Activity.
Every line of the entries below from the one containing "São Gonçalo: homem" to the one containing "上顎前突・リンガル矯正の症例", both ends included, must be written out exactly. No other line belongs in the answer.

Excerpted records.
----------

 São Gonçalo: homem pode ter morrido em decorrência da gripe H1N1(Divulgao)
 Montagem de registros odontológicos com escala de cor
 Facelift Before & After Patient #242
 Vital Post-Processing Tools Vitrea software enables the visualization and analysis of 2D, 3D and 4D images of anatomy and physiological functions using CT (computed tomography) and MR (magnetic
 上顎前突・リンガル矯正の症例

----------

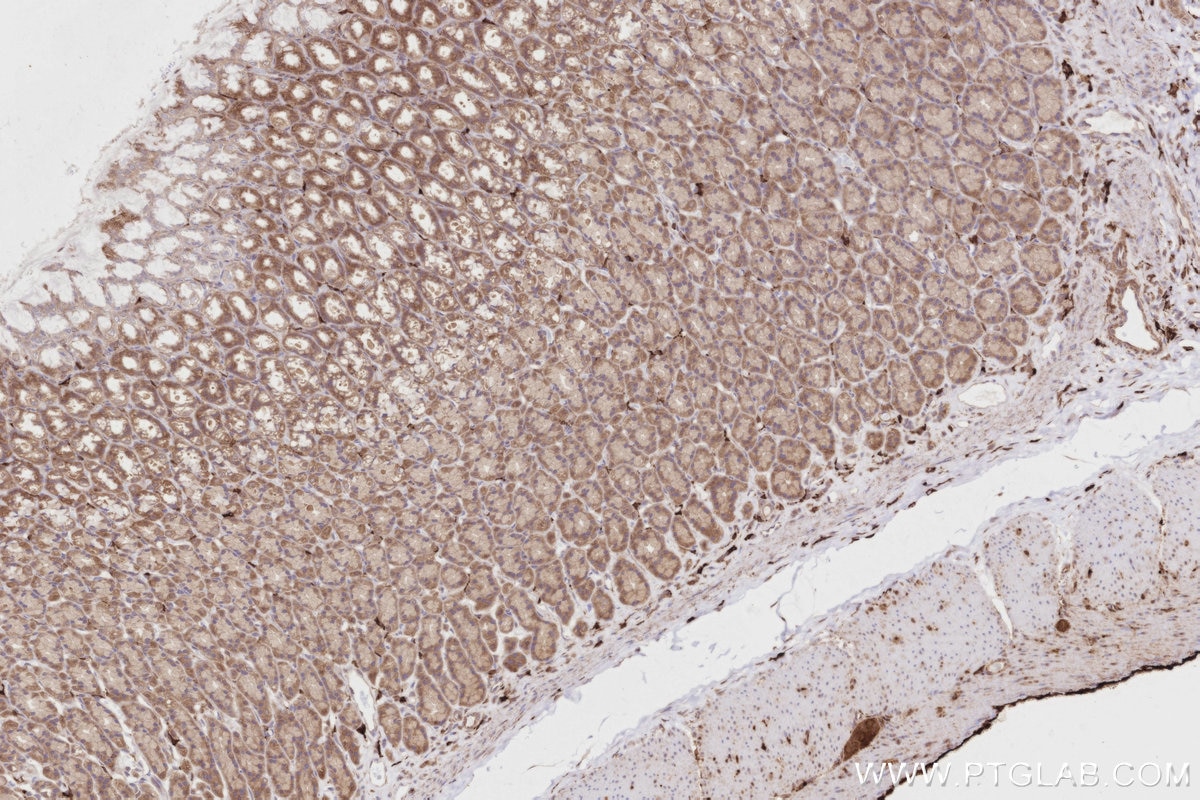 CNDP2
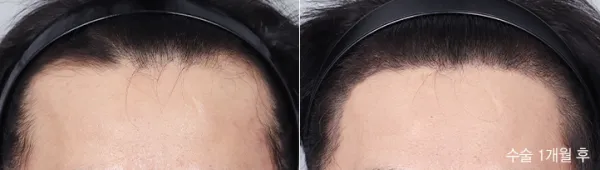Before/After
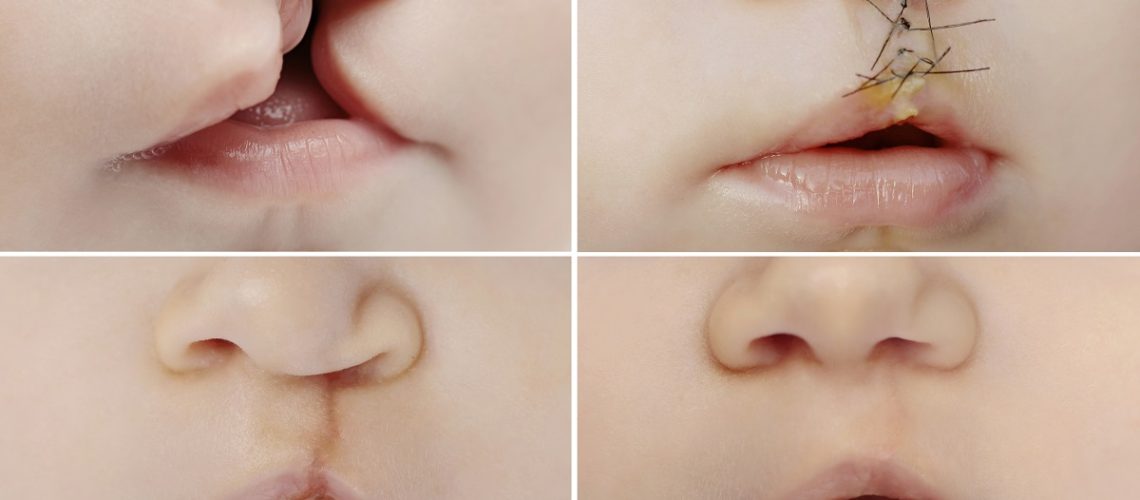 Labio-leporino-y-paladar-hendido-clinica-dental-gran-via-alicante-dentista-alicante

----------

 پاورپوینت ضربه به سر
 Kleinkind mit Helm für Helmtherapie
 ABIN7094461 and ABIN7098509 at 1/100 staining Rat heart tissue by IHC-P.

----------

Written answer.
 São Gonçalo: homem pode ter morrido em decorrência da gripe H1N1(Divulgao)
 Montagem de registros odontológicos com escala de cor
 Facelift Before & After Patient #242
 Vital Post-Processing Tools Vitrea software enables the visualization and analysis of 2D, 3D and 4D images of anatomy and physiological functions using CT (computed tomography) and MR (magnetic
 上顎前突・リンガル矯正の症例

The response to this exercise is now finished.